Re: Society's views on Sex
I think there are bold assumptions being made here on what constitutes a broken home. To me, a broken home consists of an environment where abuse frequently occurs. Marriage has no part in deciding that, just the conditions. There are many broken homes I can imagine that take place without a marriage, just as many can occur within one. Divorce or lack of marriage doesn't make necessarily for poor relations between the parents, just like marriage doesn't ensure good relations. From the philosophy of psychology I ascribe to, what's important for a child is that they feel loved by their parents, not whether their parents love each other.
I think there's also bold assumptions being made on what a divorce is like. There seems to be the assumption that divorce happens only between those that play on their own whims and don't take the matter seriously, completely ignoring the idea that there are thousands of cases of marriages that lasted 15, 20, 25 years or more. That doesn't sound like a whim or people who just didn't try. Sometimes, love just doesn't last, and it has nothing to do with their faithfulness or devotion. Many older marriages only stay together out of that loyalty, and nothing more. Some divorce isn't bitter either.

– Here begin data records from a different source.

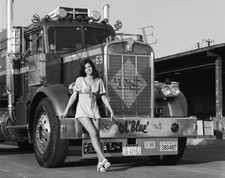 Pinup Girl Model with 1970's Kenworth Semi Truck Big Rig Ol Blue 8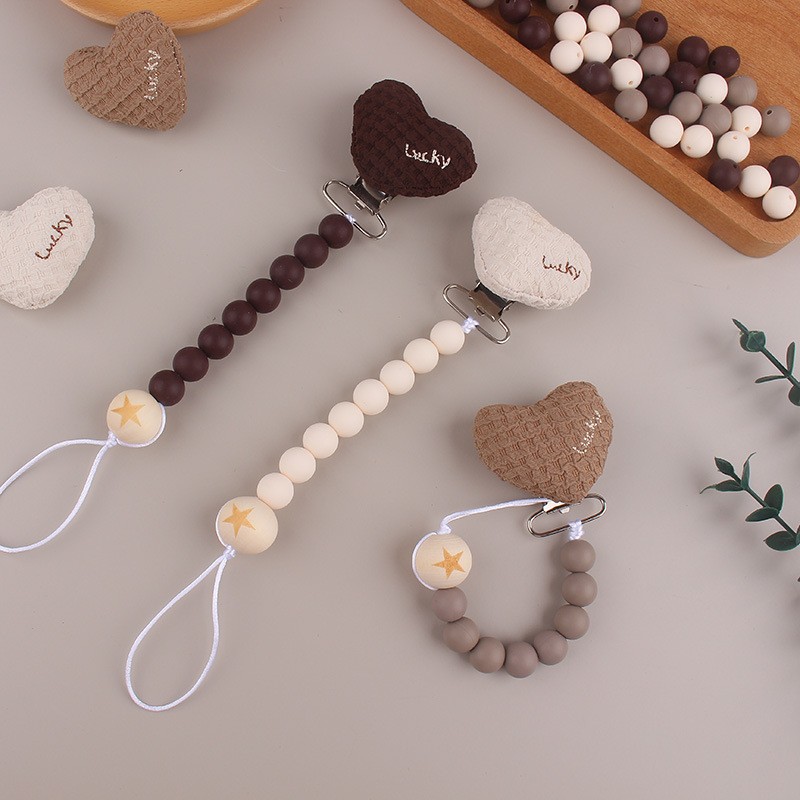 Baby Products Supplier - Cute Beech Clip Mushroom Silicone Pacifier Chain for Babies
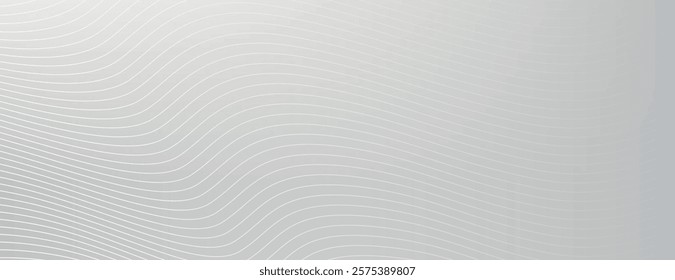 Minimalist background with wavy lines on a light gray background. The gray color and smooth texture create a calming effect. Modern wavy line pattern background. Gray background vector.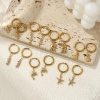 Picture of Eco-friendly PVD Vacuum Plating Ocean Jewelry 18K Real Gold Plated 304 Stainless Steel & Cubic Zirconia Hoop Earrings For Women Gift Post/ Wire Size: 1mm(18 gauge)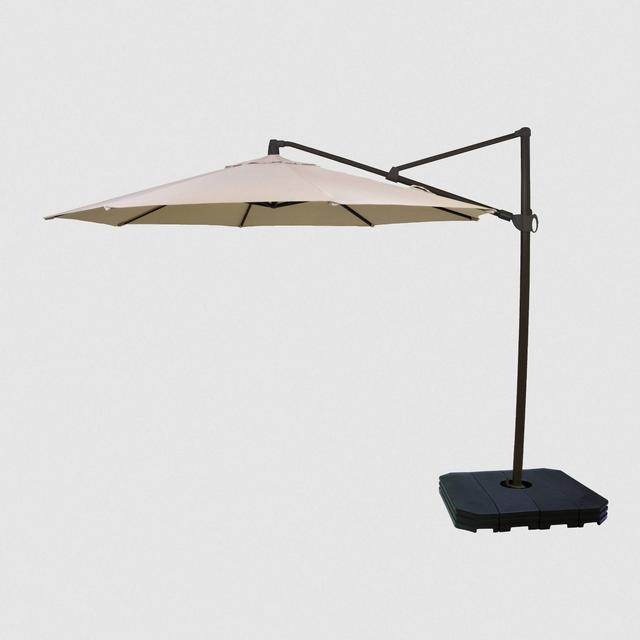 11' Offset Patio Umbrella Tan - Black Pole - Threshold™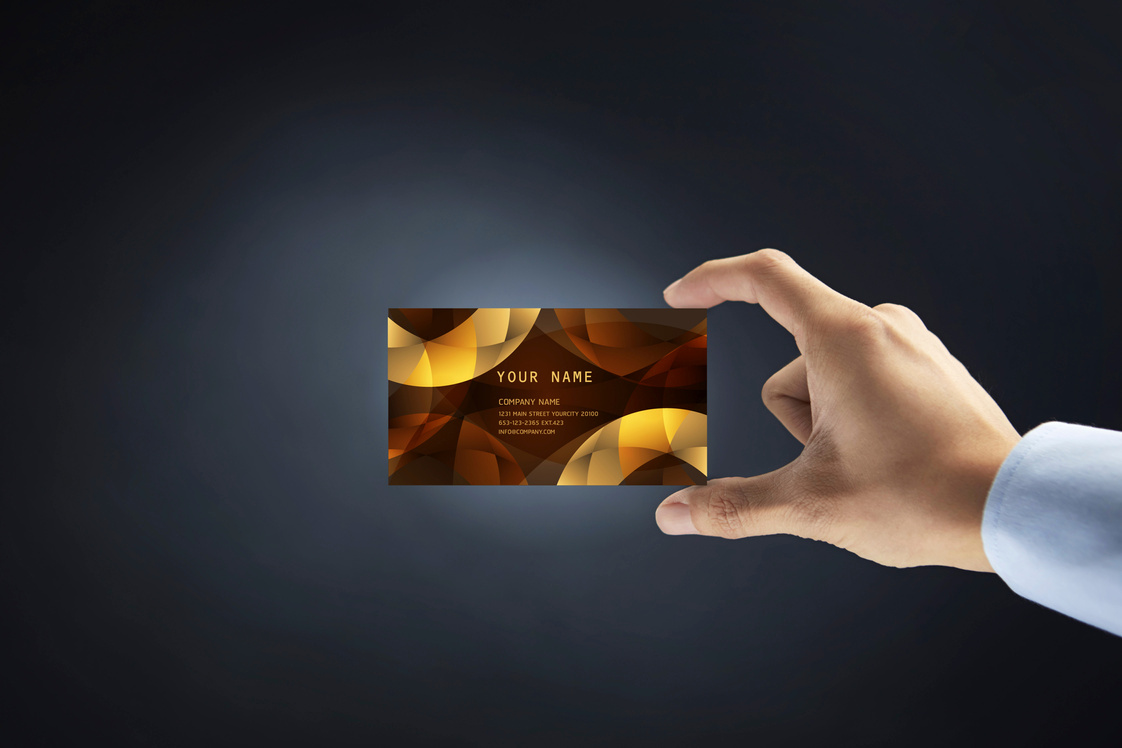 Hand presenting business card concept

Speaking from experience, my father and mother have great respect for one another, and still remain friends to this day; they just didn't want to be married. That doesn't sound like the broken home that seemed to be pre-determined to exist as an essential part of the process.
One's marital status plays little influence on their desire to be a good parent; they can do it, or not do it, regardless of their marriage. My grandmother and grandfather were married til the day they died but my father, uncles, and aunt hated their father with a passion; not because he beat his wife, or because he cheated on her, but because he wasn't really that interested in being their dad. You don't need divorce to be a negligent or disinterested parent. I would qualify that a broken home, within a marriage.
I agree with many conservatives nowadays who say that marriage is dying here in America, but I think homosexual or interracial marriage has much less to do with it than woman's suffrage. I think it's no mere coincidence that divorces grew far more prevalent and marriage rates dropped ever since women were introduced into the voting booth and allowed equal power in society. Prior to those developments, it wasn't just the fate of nearly every woman to be a house wife and enter marriage, it was their destiny, their purpose, the single all encompassing reason for their existence. They had little to no other choice, as having no power, no ability to hold property, no ability to enter the business world or even have a say in how your land was run, it was considered by far a merciful act to allow her to marry than live a life she would have to toil just to find a semblance of freedom most men possessed by virtue of merely being born one. Not too long ago at all, for women, marriage was a matter not of choice, but necessity.
So, it's no real surprise to me to note that once women did have these same power, were mandated the same respect, and were able to make close to what their male counterparts could make, that marriage stopped becoming a necessity and started becoming an option for those who desire it. Marriage was at a time a woman's prison. Now, liberated, each generation since chooses it less and less as the oppressive restraints of tradition lose their prevalence.
This isn't to say marriage is evil, but it's an old institution founded as the object of necessity where that the western world no longer values it as such, and defined on gender roles that are now seen as archaic. People see marriage less as an institution and more as a contract. You could allow no exit clause on principle, but I feel all that will accomplish is fewer people deciding to sigh in on the deal. The lack of marriage isn't going to stop people from making families, and if you make it less and less desirable to enter, people just start thinking around it. In my view, marriage doesn't need to try to exclude more people from entering it or exiting it. Rather, I think it needs a redefinition, to be founded on principles less on gender and more on a working agreement that actually has substantial benefits, rather than penalties to dissuade one from exiting.
Perhaps a sign of the times, but if you asked me, a member of the younger generation that's just reaching adulthood, personally, if I find marriage desirable, I say no, not in it's current form. The costs of marriage are far too great to make me want to enter it, and the chances of finding someone who seems great at first but holds some hidden form of danger is too great. That doesn't exclude me from having a monogamous relationship at all, or raising kids like I want to eventually. I don't need a contract to do such a thing. But really, tell a young person like myself, why would I want to sign to such an agreement?